» WORK ITEM: From the first line of the material below through the line containing "Tabletop von TAIHE", print every line exactly as it stands, but no pictures.

» DATA EXCERPT:
###

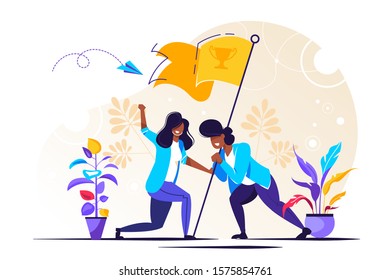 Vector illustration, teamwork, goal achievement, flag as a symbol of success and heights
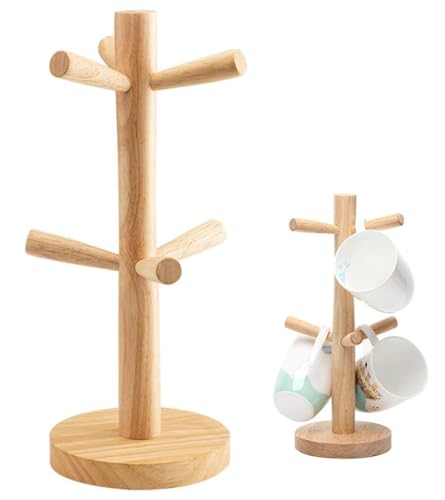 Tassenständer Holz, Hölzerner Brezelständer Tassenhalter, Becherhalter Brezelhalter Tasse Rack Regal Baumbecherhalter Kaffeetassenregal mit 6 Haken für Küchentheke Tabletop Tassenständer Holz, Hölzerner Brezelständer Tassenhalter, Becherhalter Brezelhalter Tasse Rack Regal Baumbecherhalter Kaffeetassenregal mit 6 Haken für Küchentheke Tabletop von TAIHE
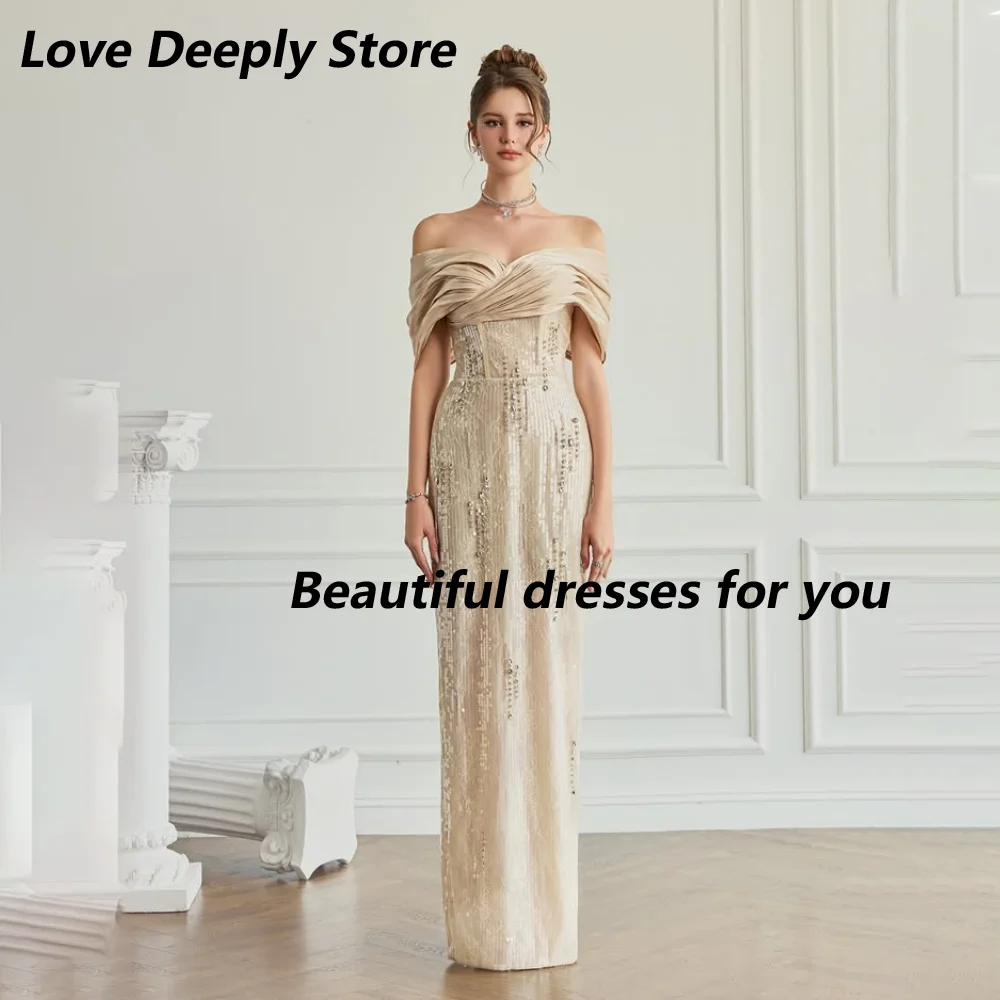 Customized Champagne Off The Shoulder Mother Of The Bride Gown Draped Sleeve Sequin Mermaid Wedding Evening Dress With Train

###

» RESULT OF THE EXERCISE:
 Vector illustration, teamwork, goal achievement, flag as a symbol of success and heights
 Tassenständer Holz, Hölzerner Brezelständer Tassenhalter, Becherhalter Brezelhalter Tasse Rack Regal Baumbecherhalter Kaffeetassenregal mit 6 Haken für Küchentheke Tabletop Tassenständer Holz, Hölzerner Brezelständer Tassenhalter, Becherhalter Brezelhalter Tasse Rack Regal Baumbecherhalter Kaffeetassenregal mit 6 Haken für Küchentheke Tabletop von TAIHE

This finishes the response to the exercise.